(Scraped caption text data)

• • • •

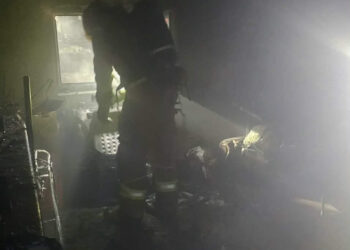 Pożar kotłowni przy ul. Raszkowskiej. Dwie osoby trafiły do szpitala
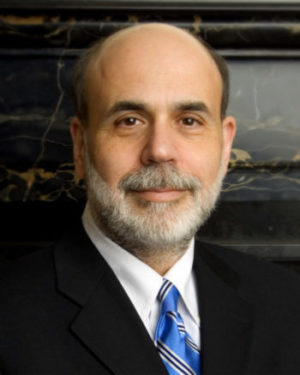 Ben Bernanke, gobernador de la Reserva Federal de EE.UU. (FED) entre 2006 y 2014 [Foto: United States Federal Reserve vía WikimediaCommons].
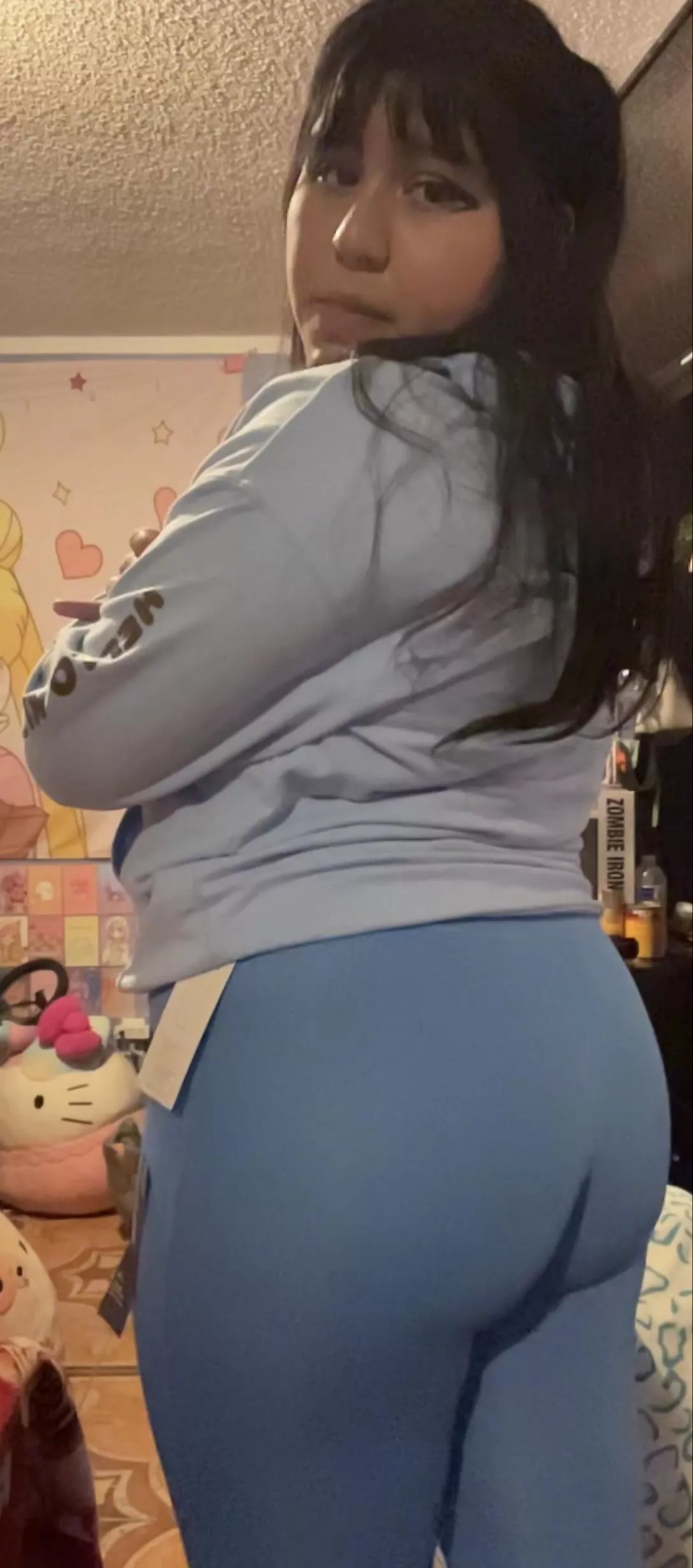 Blue booty 🍑 posted by Crypt1czz_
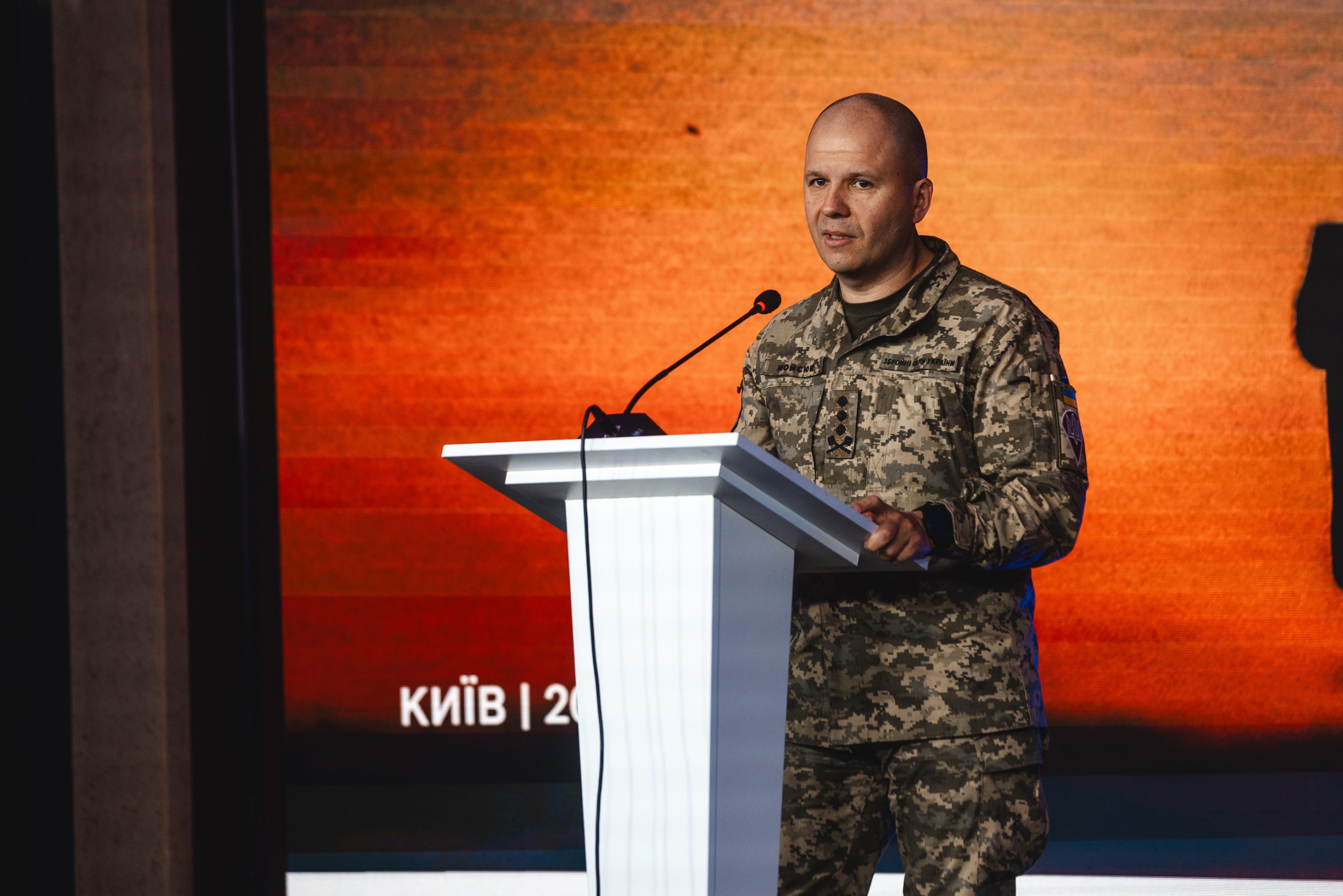 Заступник Міністра оборони України, генерал-лейтенант Євген Мойсюк під час своєї промови на конференції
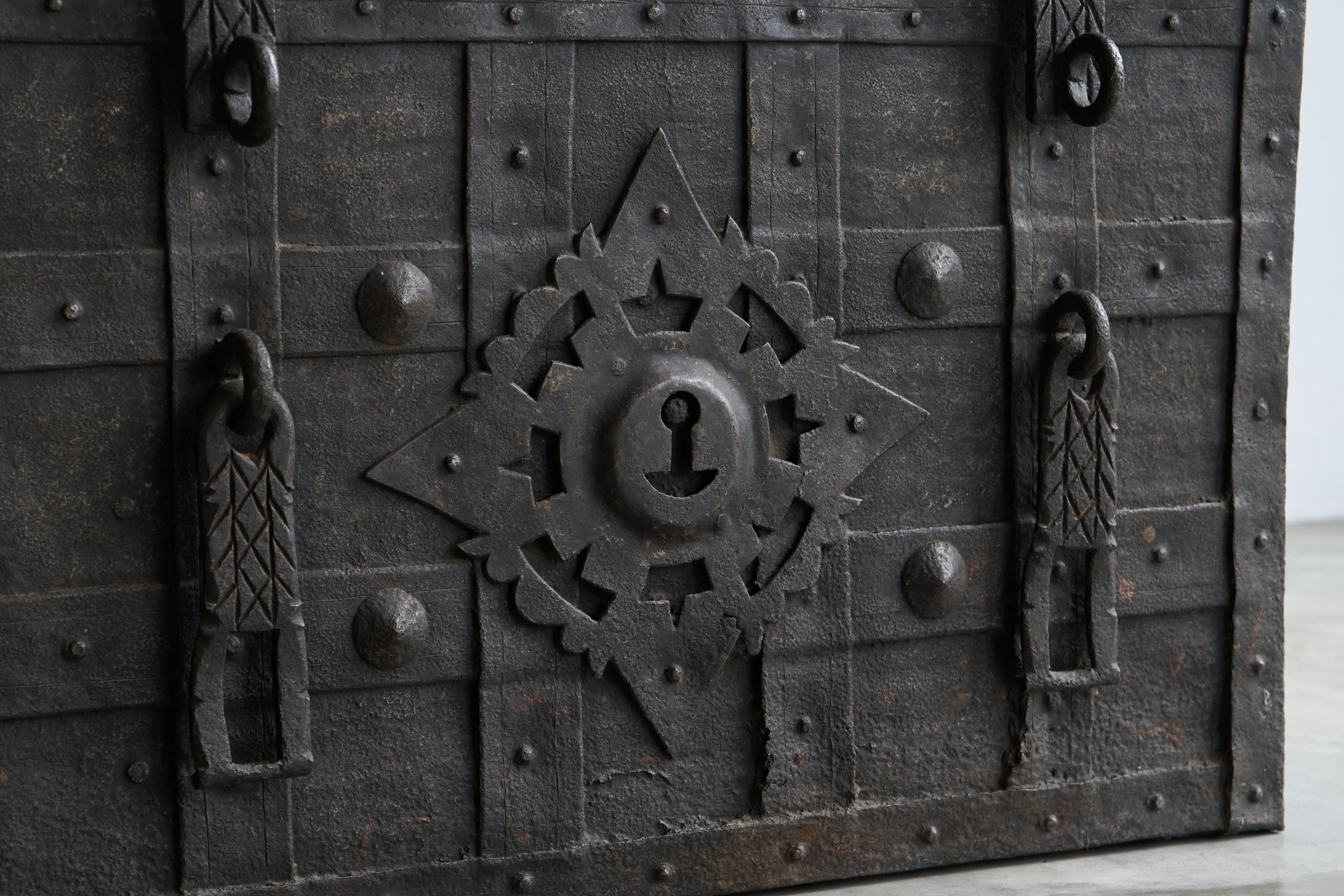 Medieval Very Rare Antique Armada Box or Strongbox in Iron Early 17th Century For Sale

• • • •

PROBLEM DETAILS: Retype, without any picture, exactly the lines from the one with "Ben Bernanke, gobernador" through the end of the entries, inclusive.

SOLVED EXERCISE:
 Ben Bernanke, gobernador de la Reserva Federal de EE.UU. (FED) entre 2006 y 2014 [Foto: United States Federal Reserve vía WikimediaCommons].
 Blue booty 🍑 posted by Crypt1czz_
 Заступник Міністра оборони України, генерал-лейтенант Євген Мойсюк під час своєї промови на конференції
 Medieval Very Rare Antique Armada Box or Strongbox in Iron Early 17th Century For Sale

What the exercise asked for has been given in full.